Problem to work on: Under this line sits a listing. Repeat exactly and only its lines from the one holding "Badkombination mit mehreren" through the one holding "2017 Hot Sale"; skip pictures.

Data extract START

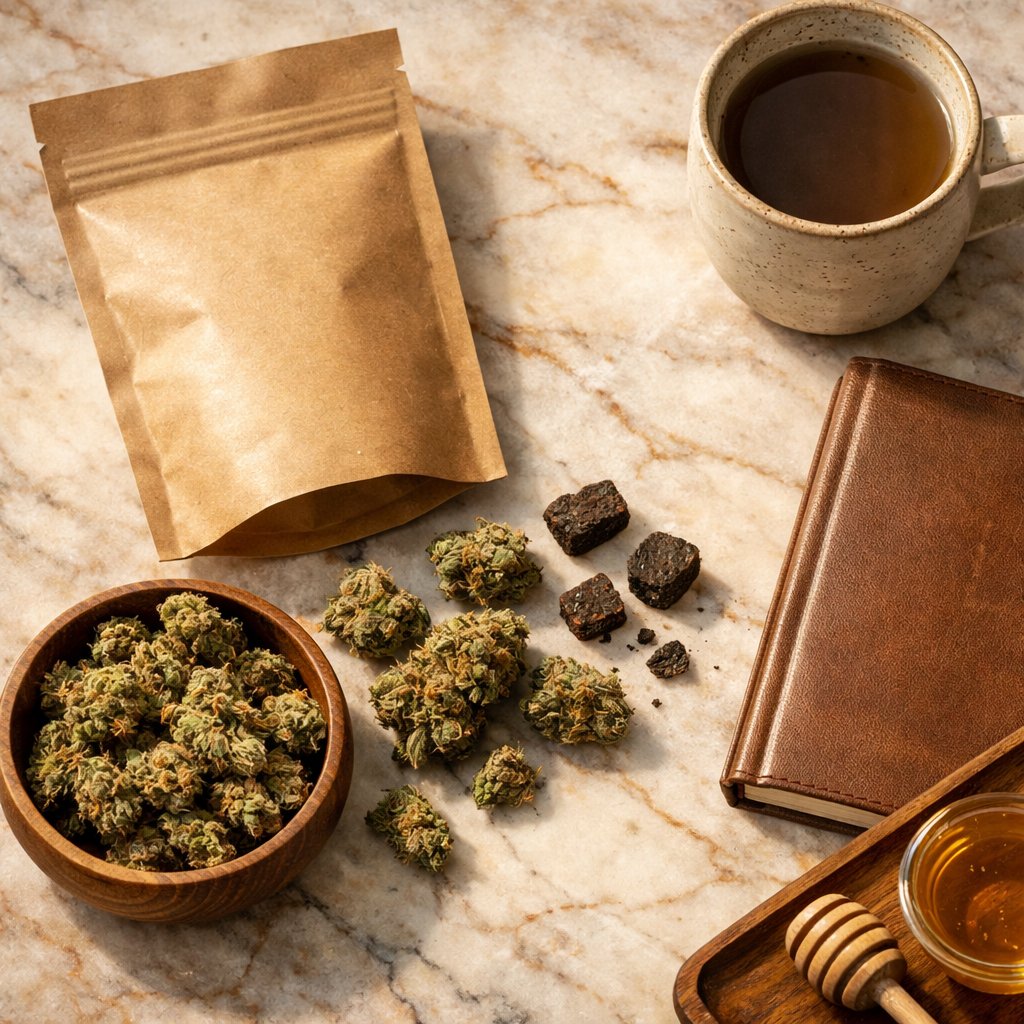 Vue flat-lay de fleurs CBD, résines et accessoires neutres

Data extract END
Data extract START

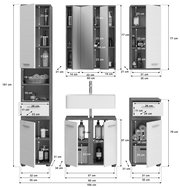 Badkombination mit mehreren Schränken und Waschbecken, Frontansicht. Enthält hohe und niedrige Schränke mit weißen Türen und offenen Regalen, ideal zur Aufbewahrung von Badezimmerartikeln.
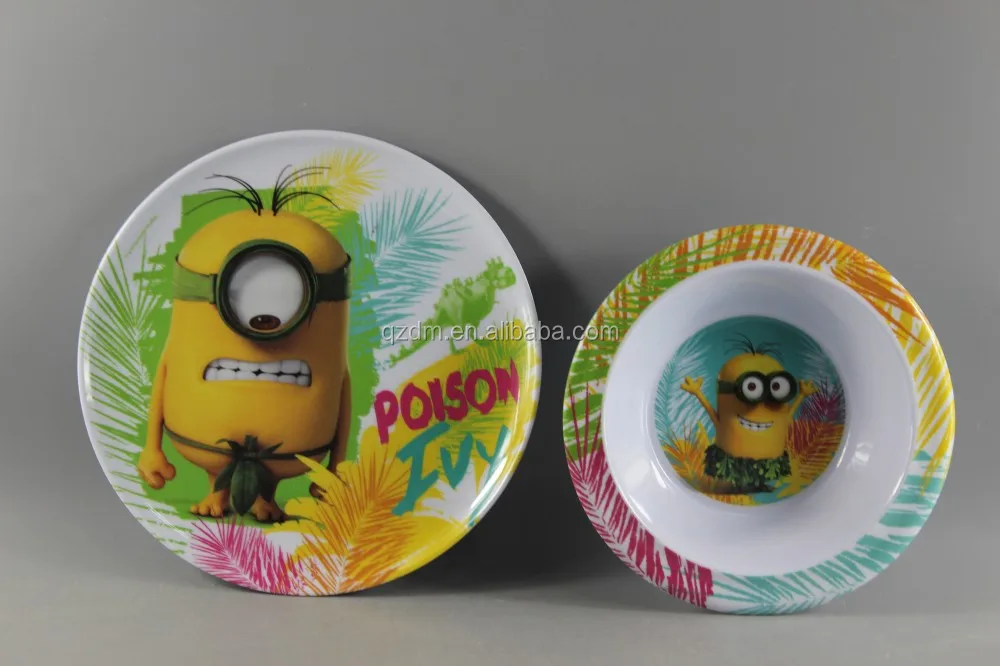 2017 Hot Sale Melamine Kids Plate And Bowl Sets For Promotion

Data extract END

Exercise solution:
 Badkombination mit mehreren Schränken und Waschbecken, Frontansicht. Enthält hohe und niedrige Schränke mit weißen Türen und offenen Regalen, ideal zur Aufbewahrung von Badezimmerartikeln.
 2017 Hot Sale Melamine Kids Plate And Bowl Sets For Promotion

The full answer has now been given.